Exciting inspection in Svenska Dagbladet
During 2008, the Swedish and Danish states were supposed to create “the North’s best” logistics company. They did it by merging the postal offices in Sweden and Denmark.
Funnily enough, this was published on the 1st of April.
After eight years it’s a complete disaster.
The quality has reached bottom levels, the same goes concerning the staff satisfaction, and the profits have plummeted.
At the same time, Postnord cannot account for the 7.5 billion SEK the fusion was supposed to provide.
I know, I have been writing about this before, but more people need to know about this mess.
Postnord is a company that “takes over” the customers the rest of us carriers cannot afford to keep. The company provides the customers with prices so low that we, the smaller companies, need to subsidize our transports. This has even been communicated. The reason is that they want to “obtain more market shares”. If any of the private companies that compete on the market would have conducted such an operation, it would have probably led to a quick bankruptcy.
The background to this fiasco is very well illustrated in a series of nine articles through July and August in the Swedish newspaper Svenska Dagbladet (SvD).
I conclude this post by publishing large parts of one of the articles written by Joel Dahlberg and Torbjörn Isacson, published on the 18th of July in SvD.
The merged and powerful group was considered crucial for the postal service to maintain a high level in Sweden.

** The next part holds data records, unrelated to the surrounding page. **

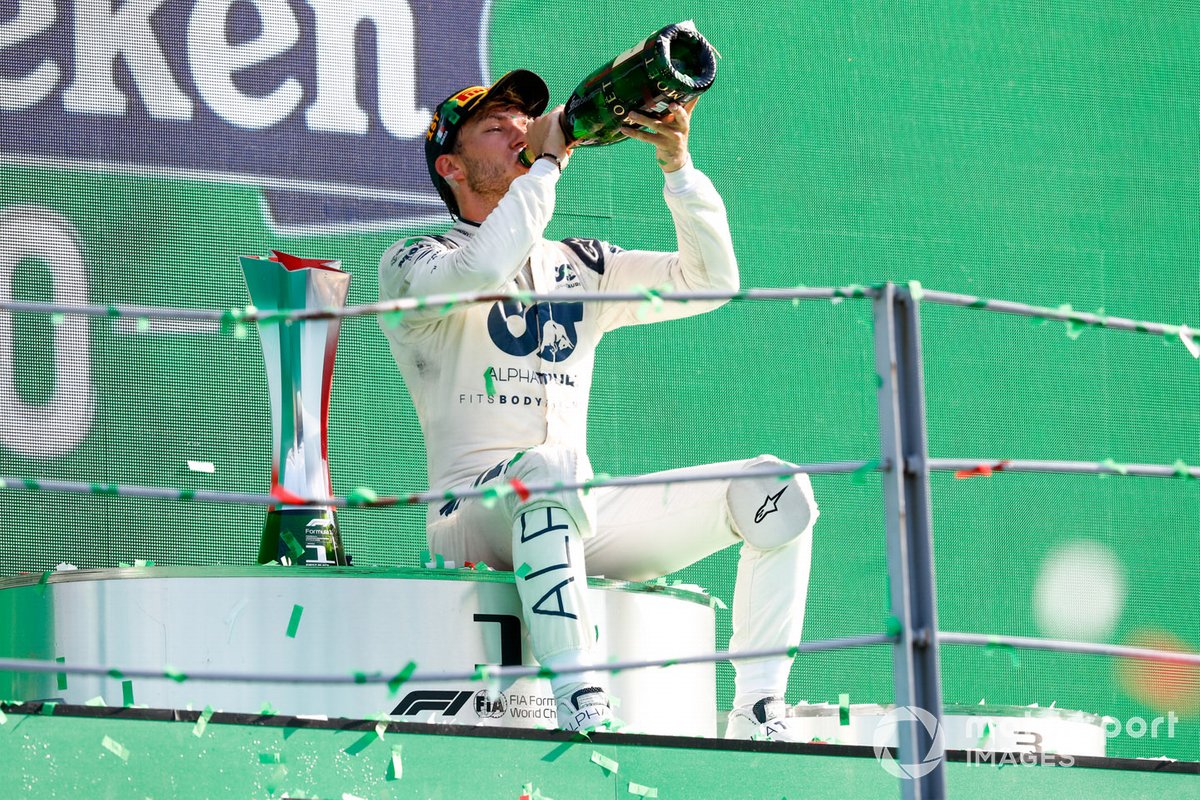 Pierre Gasly, AlphaTauri, 1st position, drinks Champagne on the podium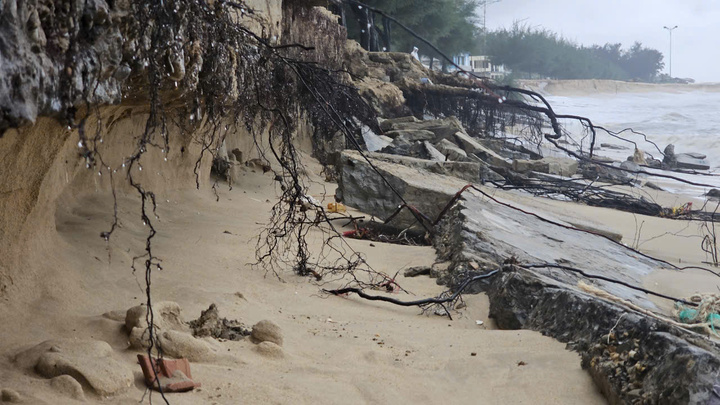 Mưa to, sóng lớn 'ngoạm' tan nát bờ biển đẹp ở Thừa Thiên - Huế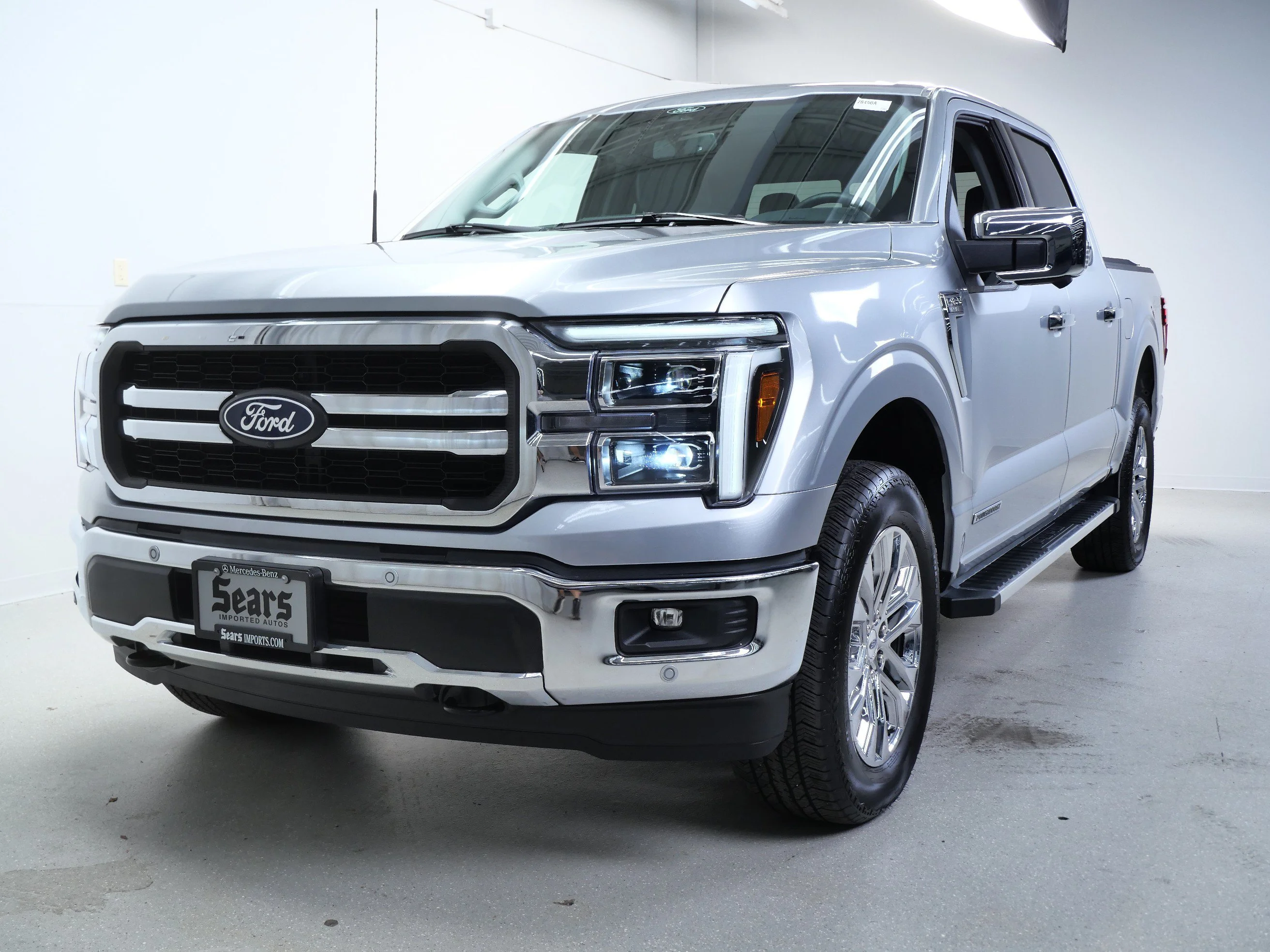 Used 2025 Iconic Silver Metallic Ford LARIAT 4WD SuperCrew 5.5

An important argument for the merger was that the arrangement, according to the government bill, "demonstrates an opportunity through synergies enhancing the merged company's value by at least 7.5 billion SEK."
The first joint annual report, for 2009, was adorned with the title "The construction of the best Nordic communications and logistics company has begun." The CEO at the time, Lars G Nordström, described how the company "has continuously been delivering with high quality, and has obtained more satisfied customers and coworkers."

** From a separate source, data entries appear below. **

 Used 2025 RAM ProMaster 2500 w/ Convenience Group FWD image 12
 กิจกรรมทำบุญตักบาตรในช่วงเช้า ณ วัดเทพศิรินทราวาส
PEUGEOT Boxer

In 2010 the title of the annual report was "A successful Nordic merger". Nordstrom now explained that "The right size provides the right conditions. In a developing context, the size of the business is of vital importance."
But in time for the next annual report, it was time for a new CEO to take the floor. Lars Idermark, lastly known from the skein at Swedbank, where he now again become chairman, wrote that "Postnord will be a more flexible and innovative company that will continue to deliver service and world-class quality."

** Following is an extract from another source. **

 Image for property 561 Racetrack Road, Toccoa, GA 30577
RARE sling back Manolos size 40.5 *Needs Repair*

The annual report for 2013 was entitled "Improved earnings and clearer directions forward." Now it was yet another CEO who took the floor; Håkan Ericsson was the fourth in the few years since the merger was announced.
"We constantly identify new opportunities to coordinate, develop and streamline the operations," Håkan Ericsson stated.
Subsequently, the supporting slogan was "We deliver!"
Actually, PostNord was delivering less, deteriorating and with a virtually non-existent profitability. According to the PTS’ fresh audits, last year the quality – measured by the proportion of A-letters distributed on the following day – dropped to a uniquely low level, probably the lowest in decades.
Last year, mail volumes decreased by a further eight percent in Sweden and 16 percent in Denmark. Since the millennium, more than half of the A-letter volumes in Sweden have disappeared. In Denmark, more than four out of five first class letters have moved on to digital mail. The first July this year, they disappeared completely.
From the Swedish Posten having a high international quality with over 95 per cent of A-letters arriving the next day, the quality has undoubtedly dropped. Both customer satisfaction and employee satisfaction has declined.
In 2008, the last year before the Swedish and Danish postal companies merged, the group reported pro-forma sales of 45.8 billion SEK, an operating income of close to 3 billion SEK and an operating margin of 6.3 percent. Together, the Swedish and Danish postal services were one of the largest companies in the North, with over 51,000 employees.
Since then, the numbers have significantly deteriorated. The turnover for Postnord last year was slightly over 39 billion SEK, with an operating profit of 500 million SEK. The operating margin last year finished on a meager 1.4 percent, meaning that Posten earned 1.40 SEK per hundred SEK in revenue. The year before, Posten did not even manage to earn 1 SEK per hundred SEK.
The goal is a return on net assets of 10.5 percent. Last year, the group was barely halfway there. The year before, the group could not even reach one third of the objective.
Although the number of employees has been cut to about 35,000, the reduced costs are still insufficient to fend off the rapid loss of revenue.
At the same time, the question concerning what has become of the great synergy profits of 7.5 billion that was promised from the start remains unanswered. They were supposed to come from both savings and better utilization of both companies' services in the different markets.
From Postnord's PR department, the answer is "We have not divided the synergies that the merger entailed, but it is mainly in purchasing, administration and IT the synergies has been formed. We also realized soon after the merger that further significant cost savings were imperative, in order to meet the letter volume loss an increased digitization rate means. The operation would have required government funding if we had not done very substantial changes, provided synergies and removed very high costs."
Another result of the company's decline is the conditions for an IPO. Maud Olofsson, the Minister for Enterprise at the time, said in April 2008 that an IPO "is a good way to go" but today, the plans have been scrapped.